FIG. 2 is a schematic diagram illustrating a big data analytics system, as shown, including, in accordance with another exemplary embodiment:

the acquisition module 10 is used for acquiring big data;

the preprocessing module 20 is configured to preprocess the acquired big data;

a machine learning module 30, configured to perform machine learning on the preprocessed big data to detect abnormal data;

and a display module 40 for displaying the detection result.

Whether the data has value or not, whether the data becomes garbage or treasure or not is the most important, whether the data to be analyzed and excavated is high-quality or not is judged, and the big data analysis system of the embodiment detects the abnormality of the big data by adopting machine learning, so that the data quality of the big data can be improved, and the value can be better excavated from the big data.

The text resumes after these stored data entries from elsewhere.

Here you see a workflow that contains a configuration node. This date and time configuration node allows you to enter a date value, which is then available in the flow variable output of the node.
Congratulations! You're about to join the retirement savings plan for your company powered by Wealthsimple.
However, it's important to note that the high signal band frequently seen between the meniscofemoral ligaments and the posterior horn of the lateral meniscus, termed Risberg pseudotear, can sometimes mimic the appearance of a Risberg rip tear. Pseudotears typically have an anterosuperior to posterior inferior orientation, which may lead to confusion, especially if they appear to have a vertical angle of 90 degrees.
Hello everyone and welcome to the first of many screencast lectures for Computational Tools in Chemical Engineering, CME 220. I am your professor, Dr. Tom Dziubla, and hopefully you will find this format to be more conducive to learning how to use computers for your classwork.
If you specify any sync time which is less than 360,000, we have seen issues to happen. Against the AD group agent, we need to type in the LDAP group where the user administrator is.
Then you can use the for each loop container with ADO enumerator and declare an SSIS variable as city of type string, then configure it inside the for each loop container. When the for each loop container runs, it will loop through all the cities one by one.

Other embodiments of the invention will be apparent to those skilled in the art from consideration of the specification and practice of the invention disclosed herein. This application is intended to cover any variations, uses, or adaptations of the invention following, in general, the principles of the invention and including such departures from the present disclosure as come within known or customary practice within the art to which the invention pertains. It is intended that the specification and examples be considered as exemplary only, with a true scope and spirit of the invention being indicated by the following claims.

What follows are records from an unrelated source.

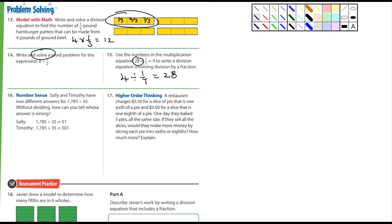Number sixteen: they have two different answers — Sally and Timothy. Tell me who's wrong; don't guess. Just figure out who's wrong — Sally or Timothy.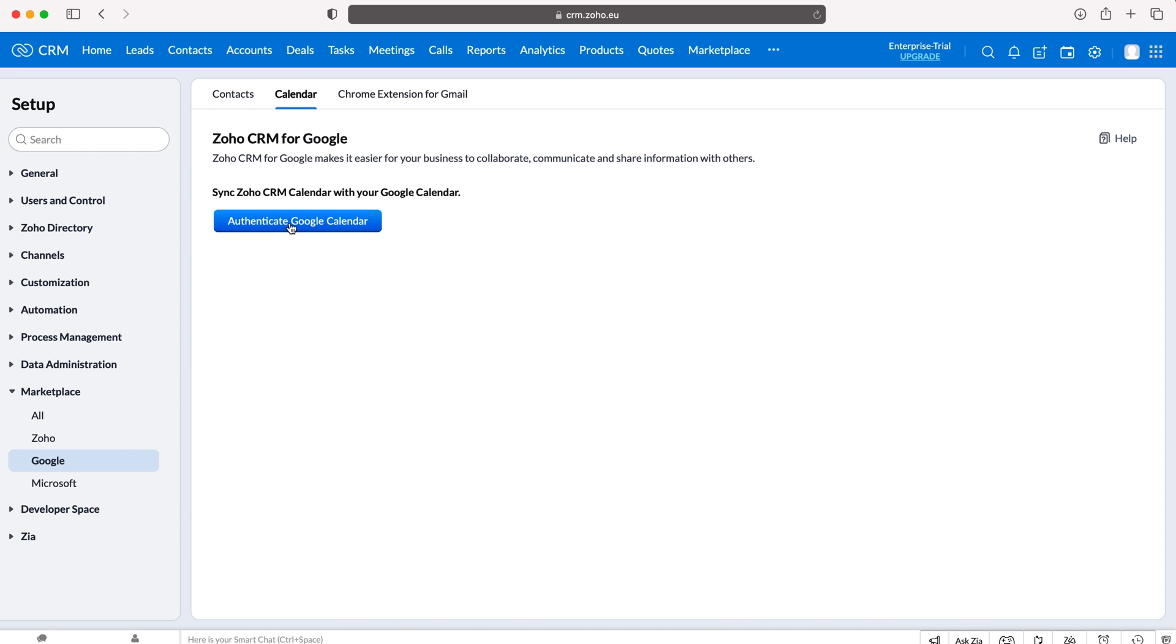So any new activities or events that are put into your Google Calendar will directly update your calendar in Zoho CRM. So really useful productivity, a time management tool making it really easy for you and other users inside of Zoho CRM to see when you are free and when you are busy.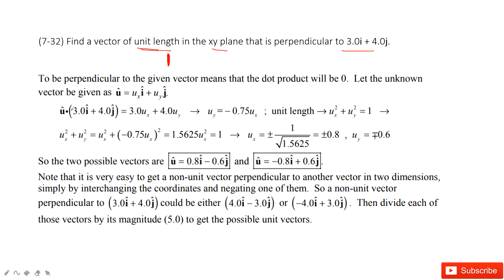So now we assume this vector is u = ux·i + uy·j. So we assume this vector is u. The dot product of this vector u with 3i + 4j equals 0, which tells us they are perpendicular. So we get the first equation.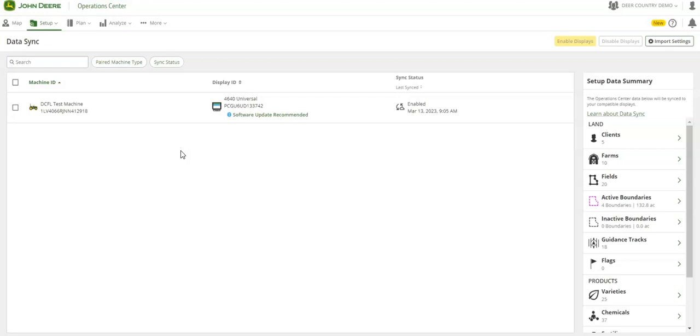After your initial setup, you will see this screen presented before you. From here, you can enable or disable Data Sync on machines.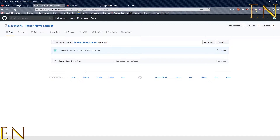Hello everyone, welcome to my channel. My name is Evidence and in today's video I am going to show you how to upload large files to GitHub.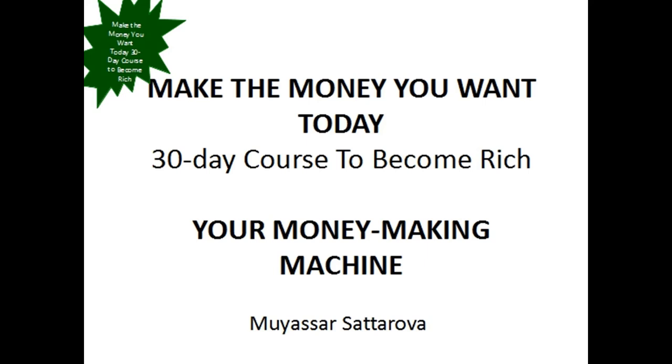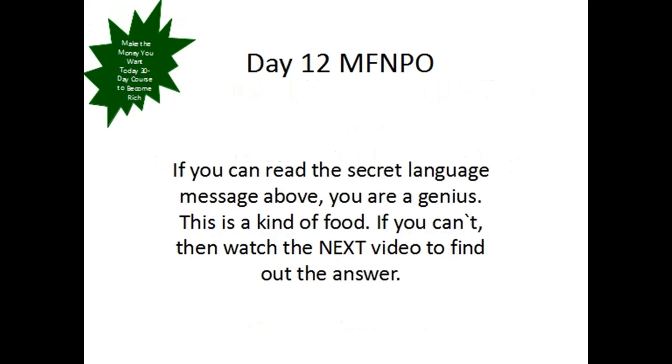Hello, millionaires! Welcome to our course Make the Money You Want Today, 30-day course to become rich. Your money-making machine by Pryasar Safarov, Day 12 MFNPO. This is a secret language message. If you can read it, you are a genius. If you can't, then watch the next video to find out the answer.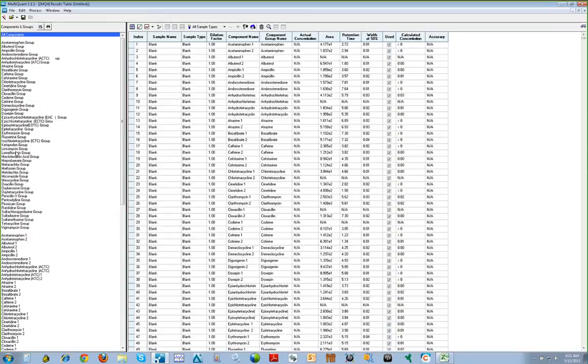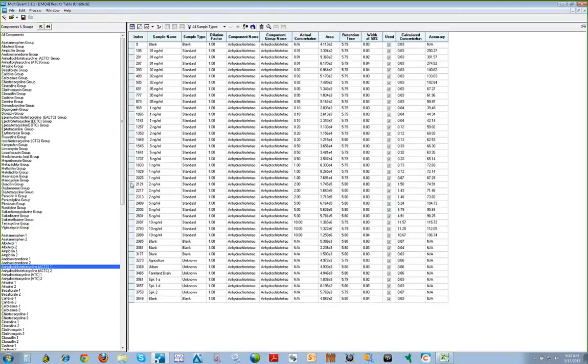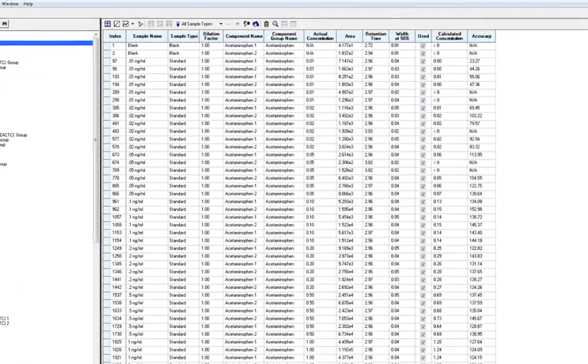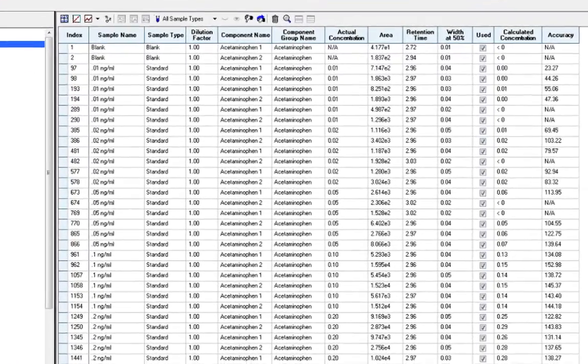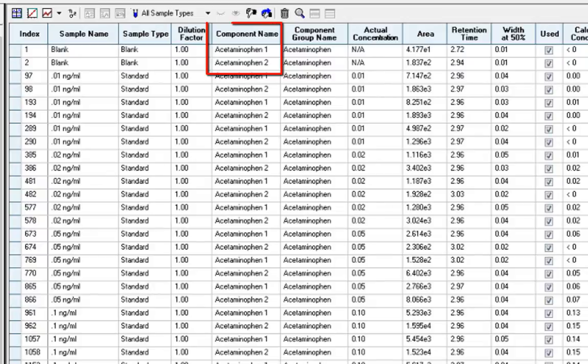We have our method here set up to display groups where each compound has its unique group that contains both MRM transitions that we are monitoring for that compound. By clicking on any compound, the table will automatically update with the results for the entire batch for that specific compound, and the same if a group is selected. Here you can see for our group, we are able to see both the quantifying and qualifying MRM transitions for that compound.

It will be understood that the invention is not limited to the precise arrangements described above and shown in the drawings and that various modifications and changes may be made without departing from the scope thereof. The scope of the invention is limited only by the appended claims.

Claims

1. A big data analysis method is characterized by comprising the following steps:

acquiring big data;

preprocessing the acquired big data;

and displaying the detection result.

2. The big data analysis method according to claim 1, wherein preprocessing the acquired big data comprises:

performing data conversion on the acquired big data;

and performing data cleaning on the converted big data.

3. The big data analysis method of claim 2, wherein the data transformation of the acquired big data comprises:

4. The big data analysis method according to claim 3, wherein preprocessing the acquired big data further comprises:

discretization is performed before data conversion.

5. The big data analysis method according to claim 2, wherein problematic data is cleaned using preset logic rules.

6. The big data analysis method of claim 1, wherein machine learning the preprocessed big data comprises:

7. The big data analysis method of claim 1, wherein presenting the detection results comprises:

8. The big data analysis method according to claim 1, further comprising: and carrying out data integrity detection on the acquired big data.

9. The big data analysis method according to claim 8, wherein performing data integrity check on the obtained big data comprises:

updating data consistency requirements.

10. A big data analytics system, comprising:

the acquisition module is used for acquiring big data;

the preprocessing module is used for preprocessing the acquired big data;

and the display module is used for displaying the detection result.